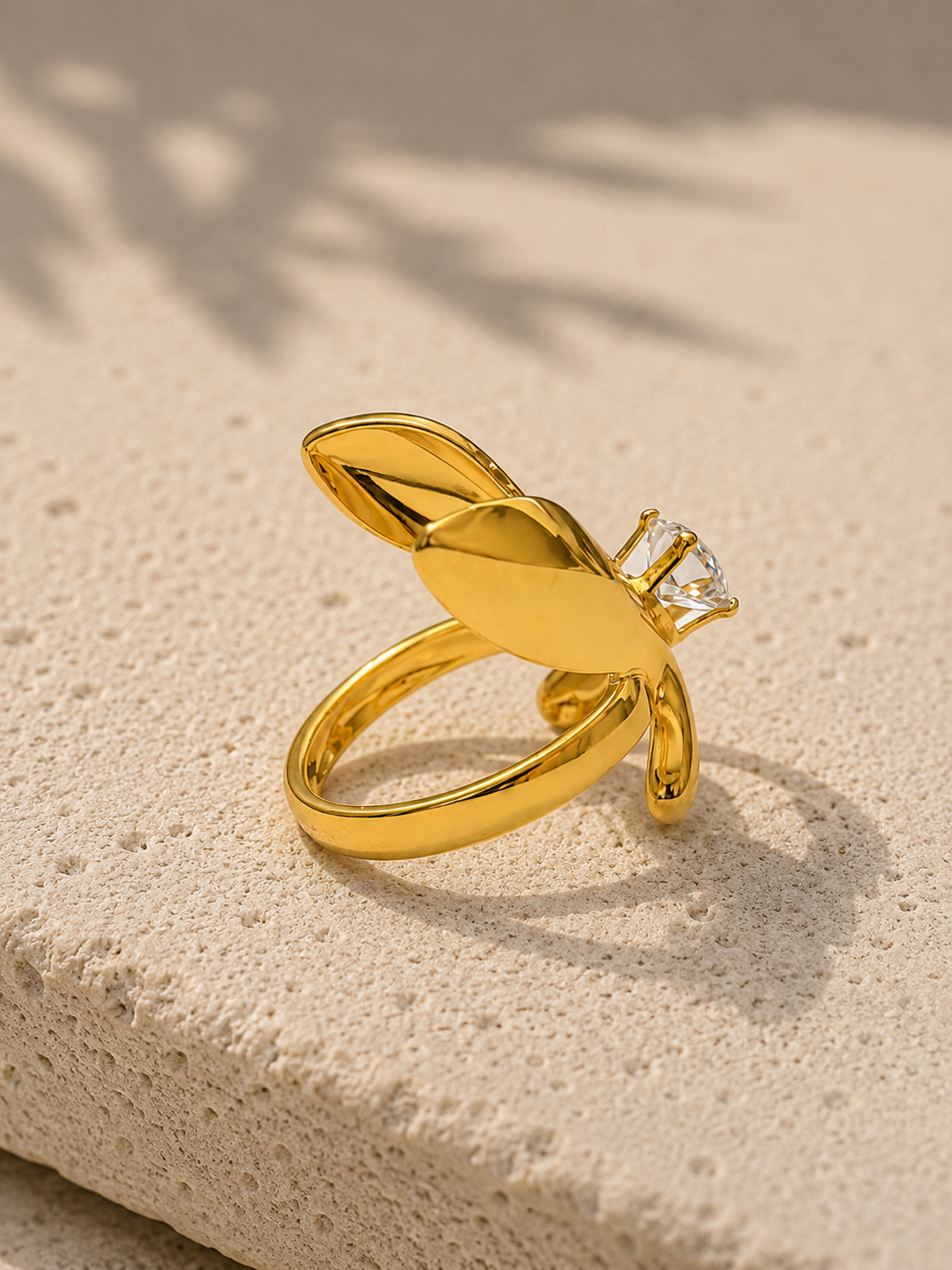 Aveline Heart Crystal Butterfly Ring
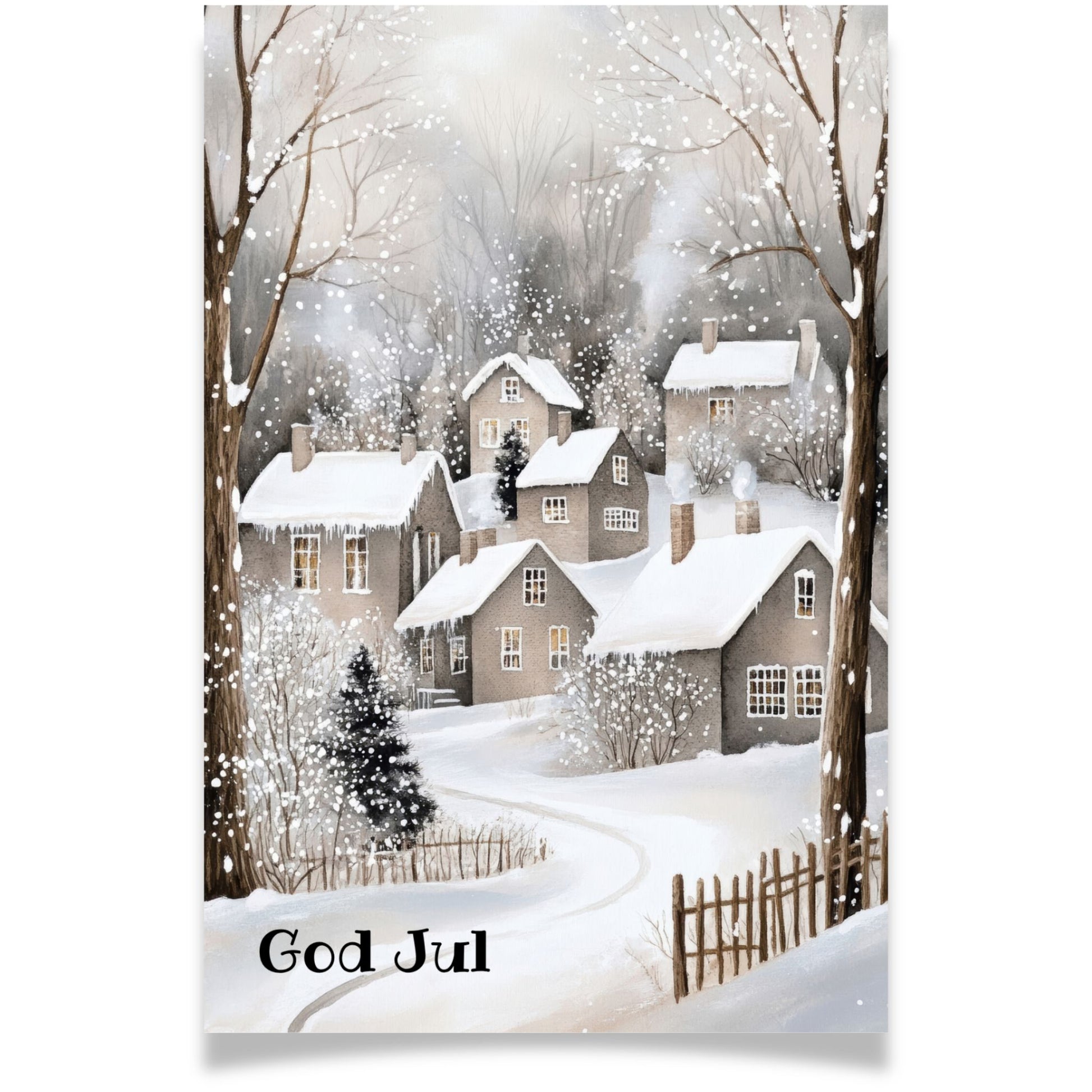 Julekort med snødekt landsby og varme vinduer – Cozy Winter Story Collection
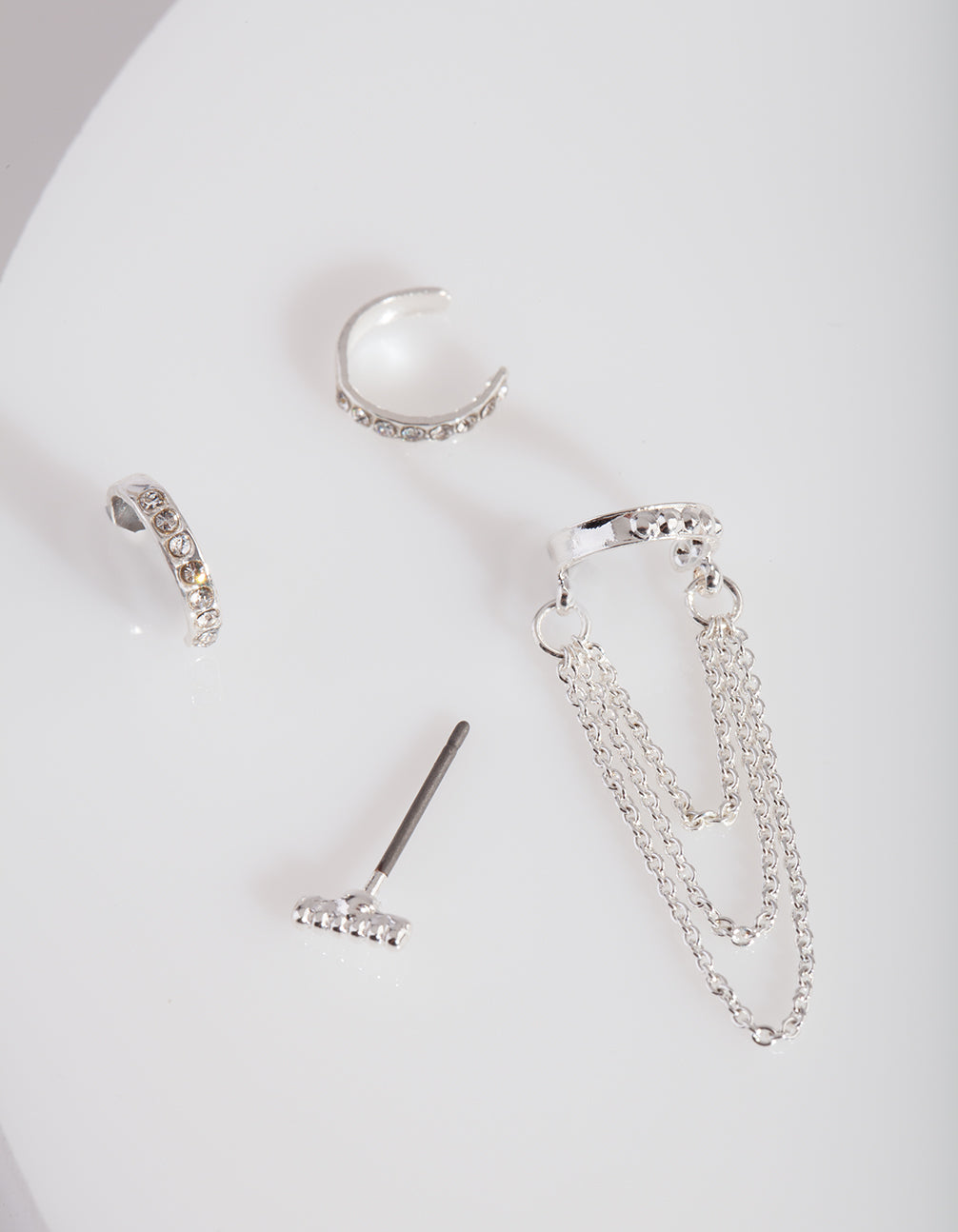 Silver Mini Textured Ear Stack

_Assignment_
Give back the whole listing as it stands, minus its pictures.

_Solved exercise_
 Aveline Heart Crystal Butterfly Ring
 Julekort med snødekt landsby og varme vinduer – Cozy Winter Story Collection
 Silver Mini Textured Ear Stack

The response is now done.